March 25, 2014 – The poor quality of Malaysia’s education system is more worrying than the level of debt in its households, said a World Bank senior economist here today. This is because the country’s substandard education system would affect the pool of skilled talent it needs to grow its economy to become a high income nation, while high household debt is not necessarily a problem if the economy continues to grow and citizens are gainfully employed. Dr Frederico Gil Sander, who is senior economist for Malaysia, said Malaysians should be “alarmed” that their children were doing worse in school than children in Vietnam, a country that is poorer than Malaysia.
“Rural Vietnamese students do better than Malaysian students,” said Sander, when met a forum that is part of the Global Malaysia series organised by the Economic Transformation Programme. Sander was referring to a world student perfomance assessment test called PISA which had measured how students in 65 countries did in mathematics, science and reading.

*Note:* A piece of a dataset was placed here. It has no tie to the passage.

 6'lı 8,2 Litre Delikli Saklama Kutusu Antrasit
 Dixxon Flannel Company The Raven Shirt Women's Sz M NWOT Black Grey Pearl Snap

According to PISA’s 2012 results Malaysian students scored below average or ranked 52 out 65. In contrast, Vietnamese students ranked 17 out of 65.
Malaysia’s poor PISA results spotlighted the weakness of Malaysia’s school system, despite the fact that education gets the largest share of funds every year from the national budget. Critics have pointed out that the PISA results contradicted the government’s insistence that Malaysia had a world class education system. Critics have also questioned the real worth of the Sijil Pelajaran Malaysia (SPM) which produces many students who scored As, but who can’t compete with their peers from Singapore, China and Taiwan.

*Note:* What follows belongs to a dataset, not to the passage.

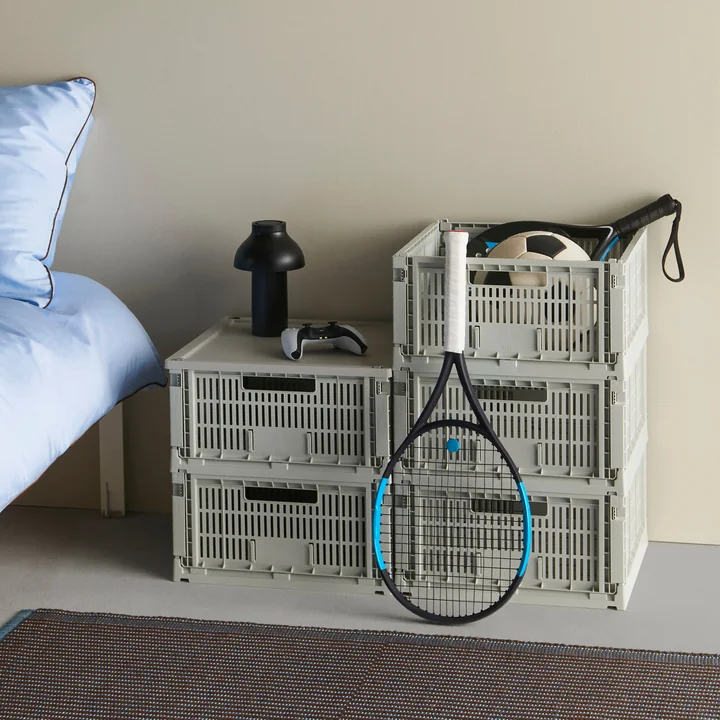 HAY - Colour Crate Vierkante L mand, 42 x 42 cm, grijs, gerecycled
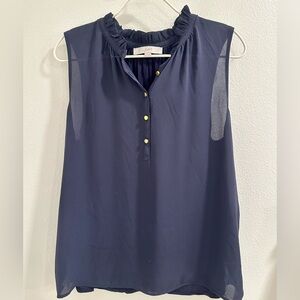 Ann Taylor Loft sleeveless blouse with gold buttons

Gil Sander said an efficient education system should be decentralised to give more power to schools to make their own decisions based on their local circumstances. “At the same time, parents should be provided with information on the performance of each school in their area so that they can send their children to the best schools,” he said. On the other hand, Gil Sander claimed that Malaysia’s rate of household debt is not nessarily bad, so long as the economy keeps growing and incomes keep rising. “Low levels of debt could be an indicator of no access to finance, but if a person borrows money to buy a car to go to a good job, that is not a bad thing. “The important thing is that salaries keep rising,” he said.